Would you retype the lines from the one that holds "Attra-Yo 3Set Women" to the final line of the entries below, both ends included and exactly as written, but without pictures?
== Information provided ==
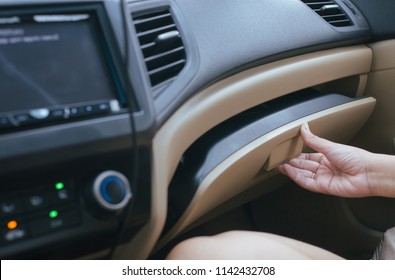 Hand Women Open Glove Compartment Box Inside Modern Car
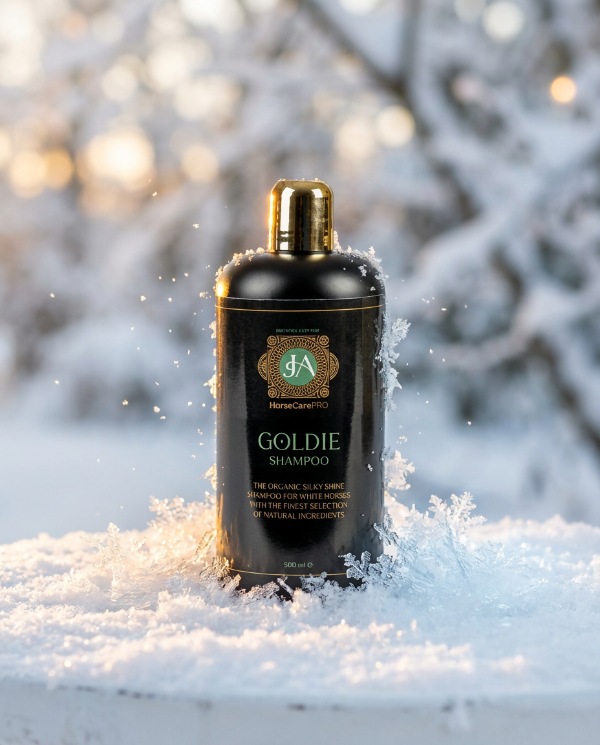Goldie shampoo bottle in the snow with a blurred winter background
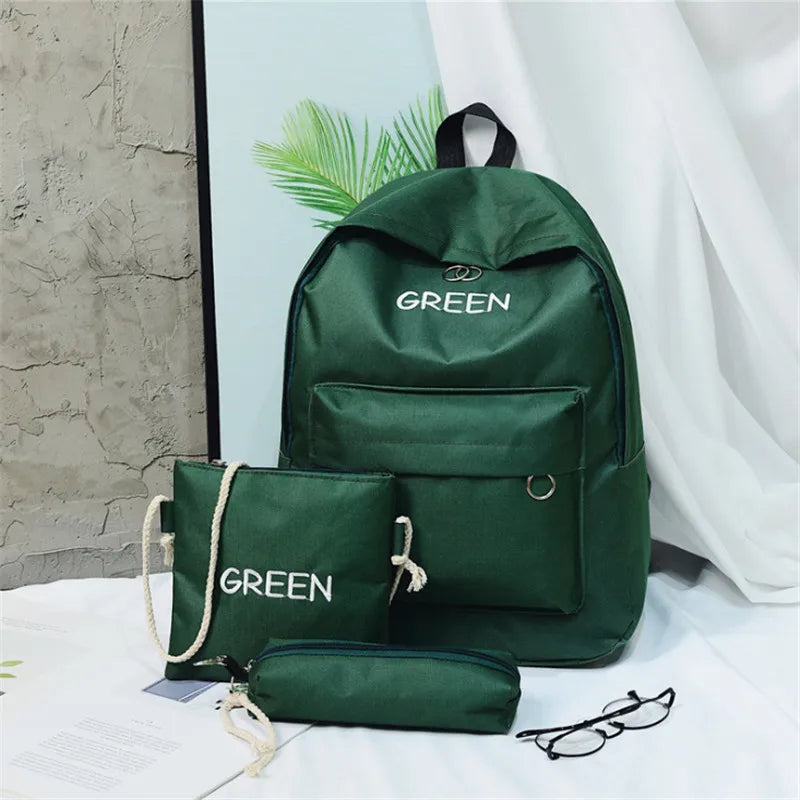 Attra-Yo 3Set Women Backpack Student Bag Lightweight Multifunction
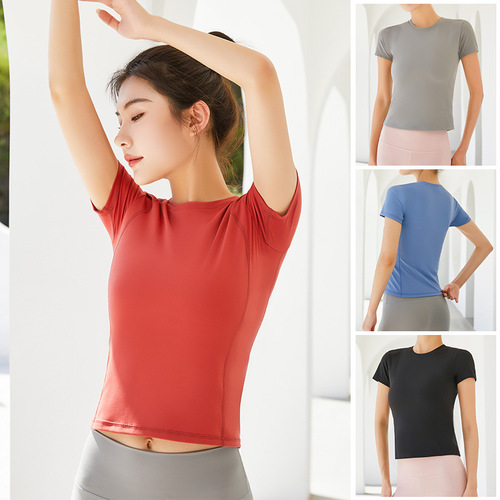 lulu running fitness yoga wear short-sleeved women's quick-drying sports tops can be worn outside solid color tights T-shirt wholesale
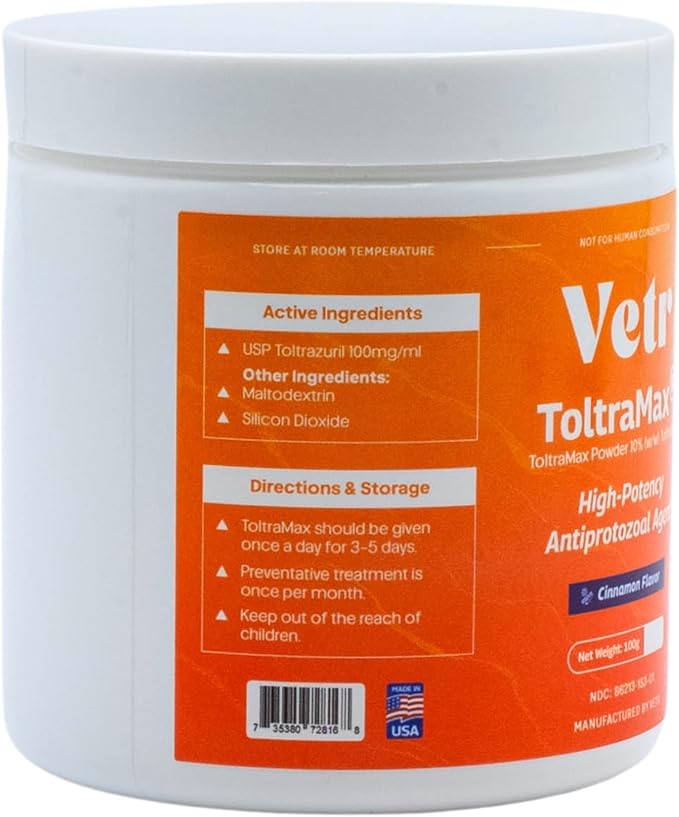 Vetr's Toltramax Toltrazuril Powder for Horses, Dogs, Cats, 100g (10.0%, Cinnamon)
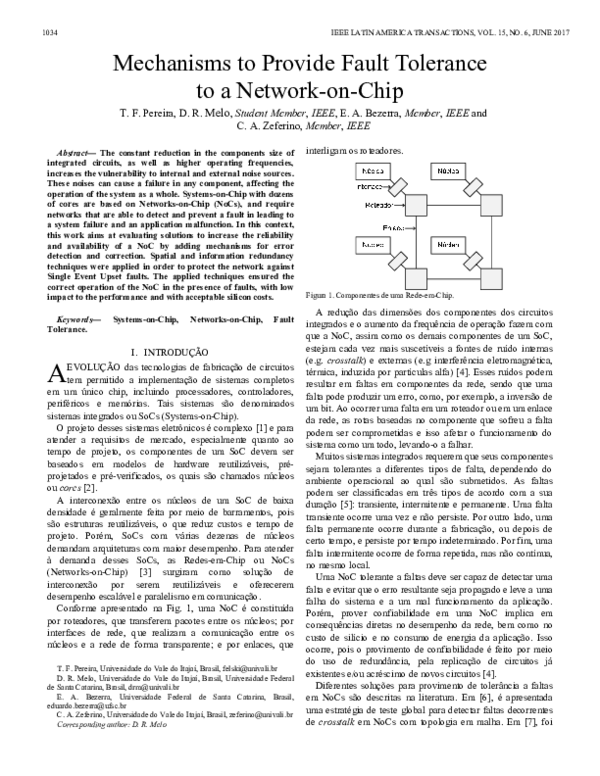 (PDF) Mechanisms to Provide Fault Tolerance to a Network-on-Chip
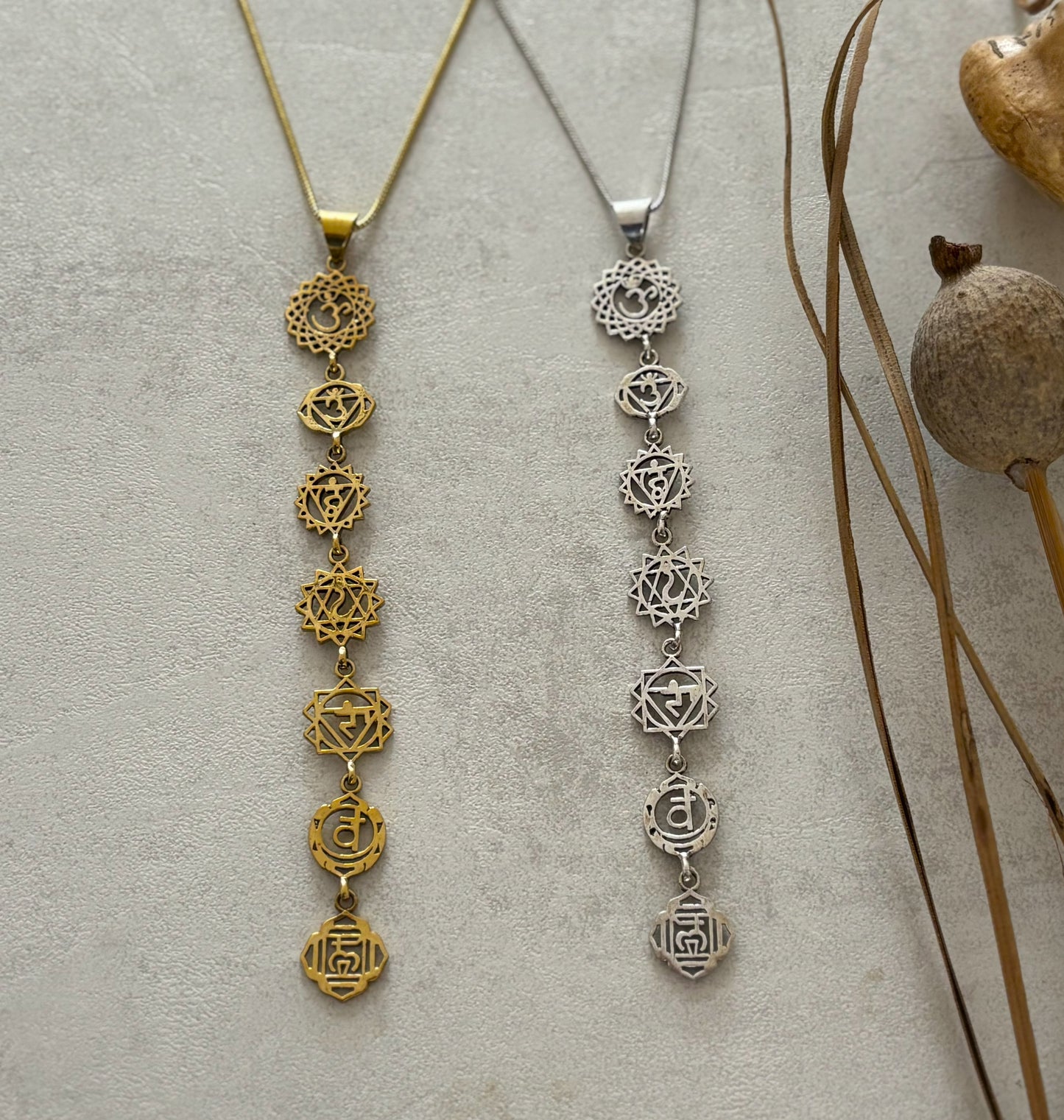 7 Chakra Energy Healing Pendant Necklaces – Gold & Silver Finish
===
Response to the exercise:
 Attra-Yo 3Set Women Backpack Student Bag Lightweight Multifunction
 lulu running fitness yoga wear short-sleeved women's quick-drying sports tops can be worn outside solid color tights T-shirt wholesale
 Vetr's Toltramax Toltrazuril Powder for Horses, Dogs, Cats, 100g (10.0%, Cinnamon)
 (PDF) Mechanisms to Provide Fault Tolerance to a Network-on-Chip
 7 Chakra Energy Healing Pendant Necklaces – Gold & Silver Finish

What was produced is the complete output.